YOUR TASK: Give the lines again exactly as they appear, from the first line of the listing through the line containing "hibride luxury design", and omit every picture.

[INPUT DATA]

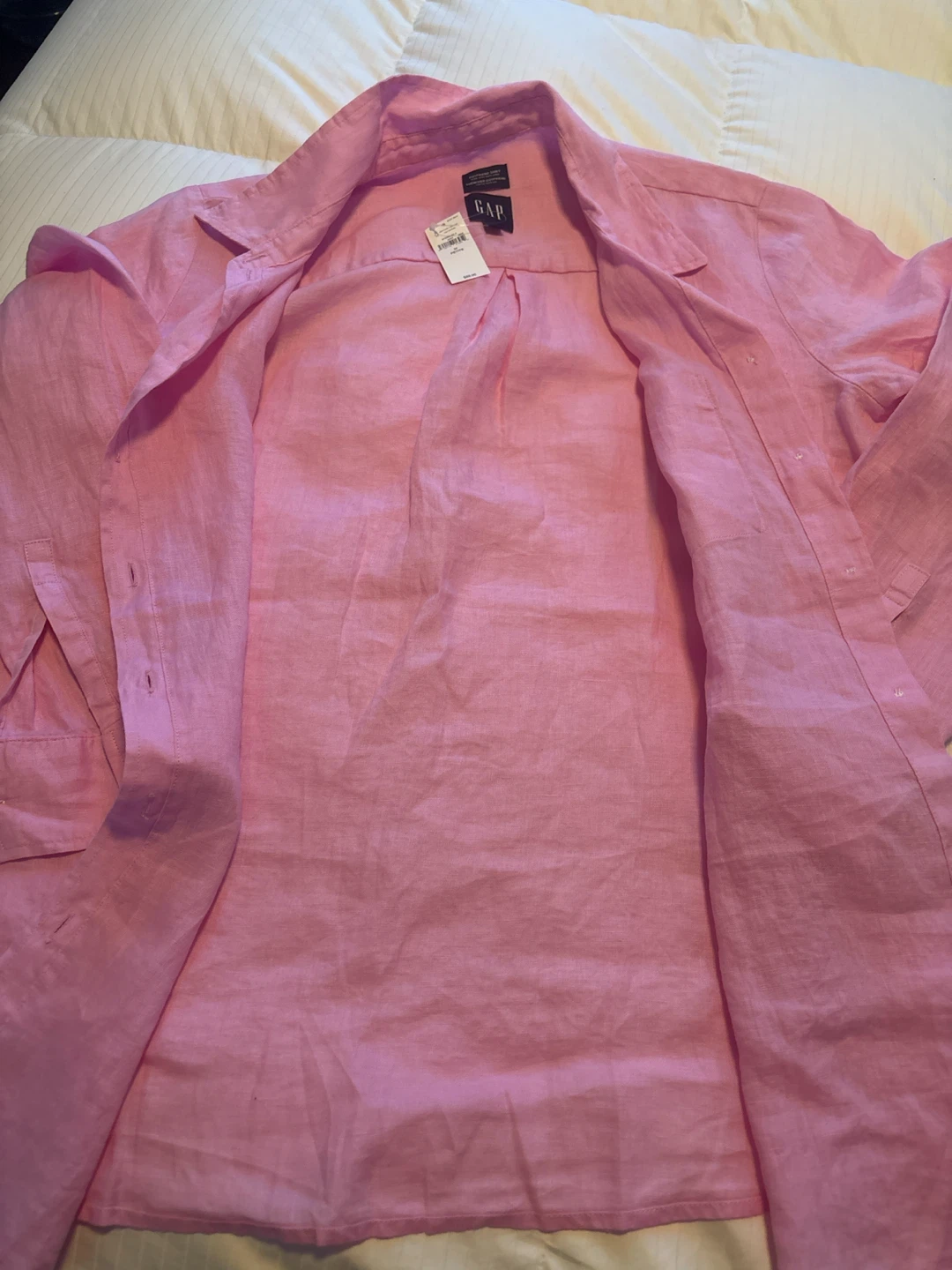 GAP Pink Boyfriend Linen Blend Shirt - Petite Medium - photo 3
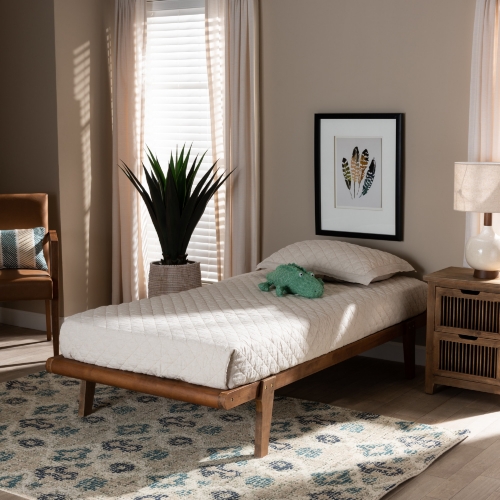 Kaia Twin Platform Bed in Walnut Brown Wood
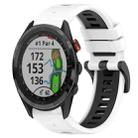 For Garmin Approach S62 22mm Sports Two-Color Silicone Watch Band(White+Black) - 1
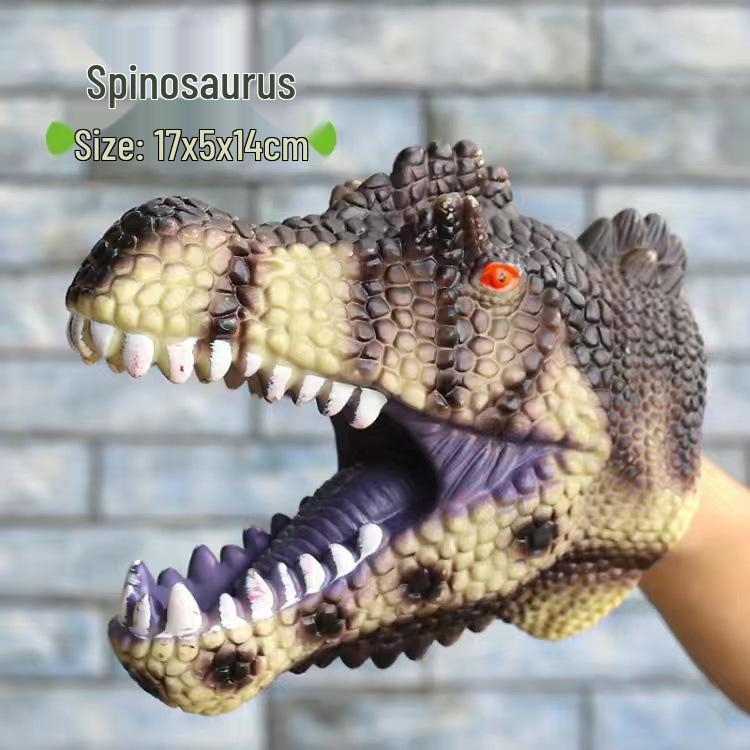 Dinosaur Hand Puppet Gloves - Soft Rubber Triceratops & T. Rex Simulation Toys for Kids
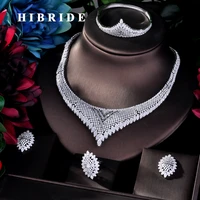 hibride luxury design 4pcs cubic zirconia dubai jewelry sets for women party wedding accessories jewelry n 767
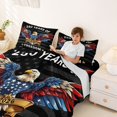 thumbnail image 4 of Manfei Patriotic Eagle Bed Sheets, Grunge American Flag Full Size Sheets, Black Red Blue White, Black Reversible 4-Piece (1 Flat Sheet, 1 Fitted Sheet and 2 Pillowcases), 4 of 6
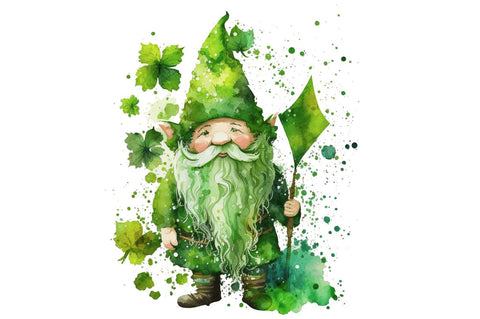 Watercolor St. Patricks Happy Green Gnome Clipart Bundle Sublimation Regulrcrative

[/INPUT DATA]

OUTPUT:
 GAP Pink Boyfriend Linen Blend Shirt - Petite Medium - photo 3
 Kaia Twin Platform Bed in Walnut Brown Wood
 For Garmin Approach S62 22mm Sports Two-Color Silicone Watch Band(White+Black) - 1
 Dinosaur Hand Puppet Gloves - Soft Rubber Triceratops & T. Rex Simulation Toys for Kids
 hibride luxury design 4pcs cubic zirconia dubai jewelry sets for women party wedding accessories jewelry n 767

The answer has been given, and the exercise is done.